Hydrogen Cyanide Leak at Delaware City Oil Refinery Has Been Fixed

Yesterday’s Dover Post says the leak has been fixed at the Delaware City Refinery, and there is no longer any release of hydrogen cyanide:

“Based on an analysis of the emissions, DNREC does not consider there to be a threat to public health,” said Michael Globetti, a spokesperson for the Department of Natural Resources and Environmental Control. “Even at its source within the refinery, the HCN now being released is exponentially less than the permissible threshold for exposure allowed under federal law.”

“The highest concentration of HCN was projected to occur approximately three-fourths of a mile from the source at a concentration of 3 parts per billion,” Globetti said. “By comparison, the Occupational Safety and Health Administration’s permissible exposure level to HCN without adverse effects is 10 parts per million.”

PBF Energy spokesperson Mike Gayda said that a low level concentration of about 10 parts per million was emitted into the air. He compared this to a drop of soy sauce in a pot of water.

Soy sauce? This is not soy sauce, it’s a deadly toxin.
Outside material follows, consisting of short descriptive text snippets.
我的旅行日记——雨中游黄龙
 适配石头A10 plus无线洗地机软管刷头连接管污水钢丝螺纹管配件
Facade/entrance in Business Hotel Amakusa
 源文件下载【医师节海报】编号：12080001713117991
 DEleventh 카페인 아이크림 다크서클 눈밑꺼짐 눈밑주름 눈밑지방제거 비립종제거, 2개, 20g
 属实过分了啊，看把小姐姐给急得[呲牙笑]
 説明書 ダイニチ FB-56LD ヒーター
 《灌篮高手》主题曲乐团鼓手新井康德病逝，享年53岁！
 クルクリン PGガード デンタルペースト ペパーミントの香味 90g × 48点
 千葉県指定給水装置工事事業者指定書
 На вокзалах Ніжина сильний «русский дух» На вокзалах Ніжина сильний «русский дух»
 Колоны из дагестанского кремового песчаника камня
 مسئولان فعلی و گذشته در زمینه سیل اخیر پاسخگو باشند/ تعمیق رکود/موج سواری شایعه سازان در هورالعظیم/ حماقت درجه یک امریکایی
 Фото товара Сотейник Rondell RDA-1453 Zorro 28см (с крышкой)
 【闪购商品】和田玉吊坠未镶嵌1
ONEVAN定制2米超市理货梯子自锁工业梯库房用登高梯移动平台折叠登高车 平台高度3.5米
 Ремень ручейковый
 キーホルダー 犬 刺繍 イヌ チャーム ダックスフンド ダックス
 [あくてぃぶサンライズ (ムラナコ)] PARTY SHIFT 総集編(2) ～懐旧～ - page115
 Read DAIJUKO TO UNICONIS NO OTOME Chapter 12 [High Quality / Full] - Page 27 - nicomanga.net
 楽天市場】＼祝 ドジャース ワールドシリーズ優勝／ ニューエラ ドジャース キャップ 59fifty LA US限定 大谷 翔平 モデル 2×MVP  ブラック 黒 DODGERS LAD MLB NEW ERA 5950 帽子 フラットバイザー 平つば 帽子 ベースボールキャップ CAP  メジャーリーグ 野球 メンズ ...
If you take a look at this table from the CDC’s website, you’ll see that while yes, exposure of 10 parts per million might be permissible, continuous exposure to that much becomes unpleasant pretty quickly:

Acute Exposure Guidelines
5 min 10 min 30 min 1 hr 4 hr 8 hr
AEGL 1
(discomfort, non-disabling) – mg/m3
Not established/ determined 2.5 ppm 2.5 ppm 2.0 ppm 1.3 ppm 1.0 ppm
AEGL 2
(irreversible or other serious, long-lasting effects or impaired ability to escape) – mg/m3
Not established/ determined 17 ppm 10 ppm 7.1 ppm 3.5 ppm 2.5 ppm
AEGL 3
(life-threatening effects or death) – mg/m3
Not established/ determined 27 ppm 21 ppm 15 ppm 8.6 ppm 6.6 ppm

Note that DNREC said the highest concentration was “projected” to occur at a point 3/4 mile away from the source. “Projected” means they probably ran a computer model to simulate the leak, they didn’t take any measurements of the actual concentration of hydrogen cyanide in the air around the refinery. Was there a school close to that point? A playground? A church? Lots of what if’s, and not very timely disclosure to your neighbors.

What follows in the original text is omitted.